ANyways---- after the storms are over, we should be round more! ;)

Vaquerogirl said...

I'd have to agree with anlmost everything ' AHCM' wrote about this picture. Yet keep in mind that it is a piece of art and that it was painted quite awhile ago. Styles in QH have changed so much!But if you look at the JOURNAL you will still see horses of this 'type' being ridden, shown, bred and awarded. Particularly rope horses... Since the QH world is getting so specialized these days it would be hard to make one picture be a representative of the entire breed. (If I had to choose one horse though it would be Rugged Lark) English type QH horses are getting as big as thoroughbreds, reining horses are small and tight,racing QH's are long and whippy looking. Something for everybody. But as we know- sometimes a horse is great in spite of it's conformation.

kdwhorses said...

Another great post on conformation! You go girl!
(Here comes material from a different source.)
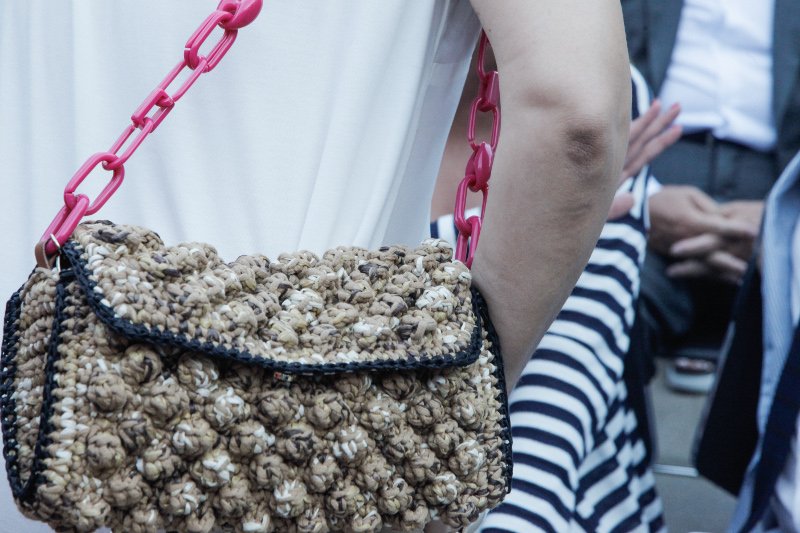 Ο ΣΥΡΙΖΑ πήγε Μέγαρο Μουσικής: Σέλφι, μοντέρνες τσάντες και φρέντο [εικόνες] | iefimerida.gr 1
I hope you have a great trip and you get some quailty alone time with your man!! Take lots of pictures of your trip!

Andrea said...

Great post!! I think that horse looks far from perfect, LOL, I couldn't imagine trying to get that horse to do western pleasure. I am about form and function too. That horse looks like it could be a great heading horse.

fssunnysd said...

I think adventures of a horse crazed mind & mrs mom summed up nicely :)

"Ideal" sure has changed in the TB world, too - look at some of those old Stubbs prints sometime.
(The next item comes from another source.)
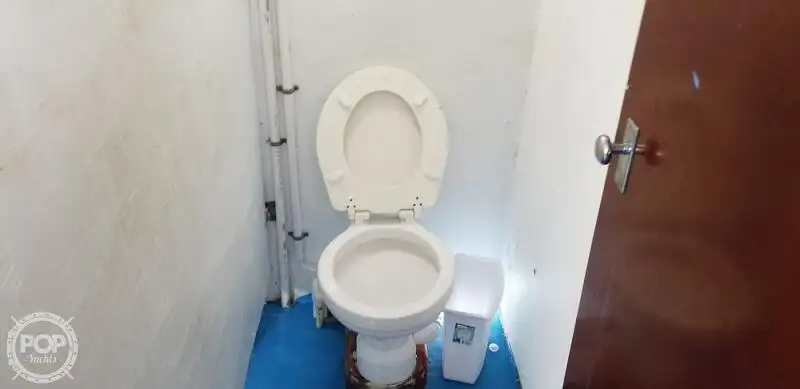 Katamaran kanggo didol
But you know what can override poor conformation on occasion? A good attitude and try - which is probably why some of us cling to (and occasionally breed) horses with conformation flaws. Horses that have heart and a good nature are a prize. And if their conformation deficiencies can be countered by a mare or stud strong where they're weak....

Sometimes it's worth the gamble to keep those qualities around.
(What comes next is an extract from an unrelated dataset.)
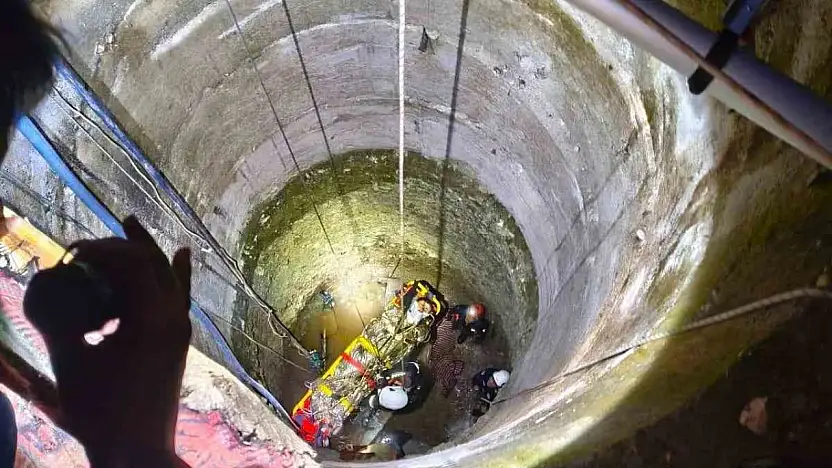 Metrelerce derinlikteki kuyuya düşen genç operasyonla kurtarıldı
I'd rather ride ugly (even ugly & choppy) than ornamental & nasty, if I have a choice!

Callie said...

I don't know the finer points of conformation and probably couldn't put it into words, however, this painting has never set well with me, just funny lookin'. I do know that I know what I like to see as a whole, and feel and hear about a horse.

White Horse Pilgrim said...

I wonder whether the focus on "conformation" as something that can be rated and scored came about back when the cavalry was buying large numbers of horses? They needed to assess a lot of horses quickly and pick those which were most likely to become sound reliable riding horses. The old Cavalry Manual of Horsemanship includes a section on how to score conformation numberically and generate an overall score for each horse. Nowadays we have the luxury of being able to take time to look at each individual horse and see what he can do, however the old focus on "conformation" lingers. It's just a theory: what do others think?

fssunnysd said...

White Horse Pilgrim said... "wonder whether the focus on "conformation" as something that can be rated and scored came about back when the cavalry was buying large numbers of horses?"

Huh - interesting. Almost every breed and discipline has developed its own standards and its own favoritisms. And look how much some of the breeds have changed over the years as people out-cross, & inbreed selectively for certain traits. (The old-style Lippitt Morgans, formerly prized and bred as Army re-mounts, vs. the "new" Morgans, which to me look a bit like mini-QHs would be one example). People do still seem to be pretty hung up on applying standards to everything!

But even if you abandon specific standards... there's aesthetically unfortunate stuff - roman-noses (if you don't like them), big ears, etc., that don't cause problems. And then there are the horses with builds that lead to soundness problems - pigeon toed, over at the knees, cow-hocked, bad feet....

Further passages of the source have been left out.